Jane Seymour is another problematic soul. The romantic legend that she was the great love of Henry VIII's life and the perfect antidote to Katherine's pride and Anne's temper is sheer nonsense. Evidently, the couple married quickly and, as the old saying goes: marry in haste and repent at leisure. Within a few weeks, Henry was commenting on his new wife's pretty maids of honour and lamenting that he had not met them before marriage to the queen. The problem with figuring out Jane Seymour's actual personality is that there is almost nothing in any source that gives us an example of her doing anything proactively. In fact, of doing anything, at all. Her supposed support for Mary Tudor counted for less than nothing, because she only showed favour to Mary after Henry had publicly humiliated her, forced her to acknowledge the Reformation and brought her back to court to be paraded as the regime's number one prize turncoat. Given the scars left on Mary's psychology, health and spirit, Jane's gift of a diamond ring doesn't seem like it would have helped that much. Although, I suppose a diamond didn't hurt. 

Similarly, there is absolutely no documentary evidence to support the idea that Jane took a protective interest in Anne Boleyn's motherless baby, Elizabeth. A slightly obsessive-compulsive preoccupation with controlling her maids and a pregnancy-inspired craving for quails from Calais are the only glimpses we get into Jane Seymour's day-to-day-life as queen. Then, eighteen months after securing the crown, she was struck down in unimaginable agony and died as a result of post-childbirth complications - like thousands of poor souls both before and after her. She rests today in Saint George's Chapel at Windsor Castle, beneath a black marble stone as inscrutable as she herself was in life.

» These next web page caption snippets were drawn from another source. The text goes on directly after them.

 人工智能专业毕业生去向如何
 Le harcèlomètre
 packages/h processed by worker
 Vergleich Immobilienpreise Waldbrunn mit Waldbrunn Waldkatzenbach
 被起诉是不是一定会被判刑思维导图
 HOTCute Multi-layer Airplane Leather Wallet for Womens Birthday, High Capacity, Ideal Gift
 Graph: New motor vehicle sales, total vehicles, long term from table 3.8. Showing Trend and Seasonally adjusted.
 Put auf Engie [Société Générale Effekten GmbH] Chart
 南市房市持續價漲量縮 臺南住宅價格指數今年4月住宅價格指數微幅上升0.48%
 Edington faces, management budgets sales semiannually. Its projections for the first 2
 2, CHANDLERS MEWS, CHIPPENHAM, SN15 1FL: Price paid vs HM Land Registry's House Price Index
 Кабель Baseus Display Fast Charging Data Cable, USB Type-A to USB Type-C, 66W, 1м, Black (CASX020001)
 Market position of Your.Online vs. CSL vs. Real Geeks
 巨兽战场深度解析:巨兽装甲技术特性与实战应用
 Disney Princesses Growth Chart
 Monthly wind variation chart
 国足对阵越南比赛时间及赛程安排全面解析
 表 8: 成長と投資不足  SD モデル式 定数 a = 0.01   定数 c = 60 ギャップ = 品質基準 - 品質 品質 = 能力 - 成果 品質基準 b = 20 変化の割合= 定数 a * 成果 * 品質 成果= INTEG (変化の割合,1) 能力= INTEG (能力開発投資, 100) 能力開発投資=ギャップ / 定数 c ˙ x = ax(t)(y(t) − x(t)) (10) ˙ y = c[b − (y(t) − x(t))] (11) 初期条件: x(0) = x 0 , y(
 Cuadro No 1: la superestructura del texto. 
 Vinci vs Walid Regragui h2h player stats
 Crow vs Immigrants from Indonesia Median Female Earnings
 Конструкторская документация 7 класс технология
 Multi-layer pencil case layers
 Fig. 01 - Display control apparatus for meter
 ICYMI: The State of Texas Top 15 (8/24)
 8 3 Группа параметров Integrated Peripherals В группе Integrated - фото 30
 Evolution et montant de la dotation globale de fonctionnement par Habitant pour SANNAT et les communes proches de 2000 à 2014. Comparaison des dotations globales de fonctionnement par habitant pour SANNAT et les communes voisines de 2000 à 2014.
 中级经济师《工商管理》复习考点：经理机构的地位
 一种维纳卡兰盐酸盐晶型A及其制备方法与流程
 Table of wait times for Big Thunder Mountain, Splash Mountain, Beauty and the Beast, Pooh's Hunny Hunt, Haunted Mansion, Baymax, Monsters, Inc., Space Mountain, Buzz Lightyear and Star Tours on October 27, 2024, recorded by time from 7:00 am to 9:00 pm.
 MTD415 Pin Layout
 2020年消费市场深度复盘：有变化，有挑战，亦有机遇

In direct opposition to how it's often played out in life, history can be quite kind to ugly girls. Especially if they're fat and a bit jolly. Anne of Cleves, the "ugo" of Henry's marital misadventures, is therefore rather fondly remember in Britain today, because of her metaphorical love for a strudel and a giggle. Divorced after only six months as queen because Henry allegedly found her sexually repulsive, Anne accepted a generous divorce settlement and actually got on rather well with her replacement, Catherine Howard. The two women even held a New Year's party together at Hampton Court and went through the deliciously Hilton-sisters-meets-Kardashian-style ritual of exchanging gifts of pet puppies and some bling. It is often assumed, therefore, that German Anne was contented with her lot and lived the last two decades of her life in perfect peace and happiness - thoroughly relieved to have escaped a life of being trapped under the sweating, ulcerous man-mountain that was Henry VIII. 

In fact, like most things in history, it was a good deal more complicated than that. Whilst Anne had partied hard with Catherine Howard, she was moved to fits of furious weeping when she heard that her ex-husband was going to marry Katherine Parr in 1543. Far from being relieved that she was no longer queen, Anne took her husband's sixth marriage as a slap in the face. She claimed that she was far prettier than Katherine and she had apparently believed a rumour that with Catherine Howard now dead, Henry was going to come back to her. There is no record of any puppy-giving fiestas to wifey number six. Apparently, even for this sensible and jolly woman, the allure of the crown and the prestige of human attention was too much to walk away from.

Anne's replacement - the sexy and nubile Catherine Howard - is a Tudor novelist's wet dream. Sometimes, I fear, quite literally. The teenage daughter of an impoverished aristocrat, the story goes that Catherine was forced into the middle-aged monarch's sight-line by her ambitious and amoral uncle, the Duke of Norfolk, who essentially pimped her out to his royal master. Slipped in between the monarch's sheets in the spring of 1540, he speedily chucked Anne of Cleves for her and beheaded his chief minister, for good measure.  (Chop and change, etc.) Showered with gifts, jewels and parties, Catherine was the ultimate trophy wife. A sensuous young bimbo on the arm of a hideous and obese wealthy businessman. Then, she was caught with the sexy pool boy - or, one of her husband's grooms, in this case. Him, her, a helpful lady-in-waiting and one of the queen's pre-marital lovers were all shipped off to the executioner's block, where the poor girl ended her life before her twentieth birthday. A sacrifice to the illogical fantasies of men and kings and the appalling double standard of western sexuality.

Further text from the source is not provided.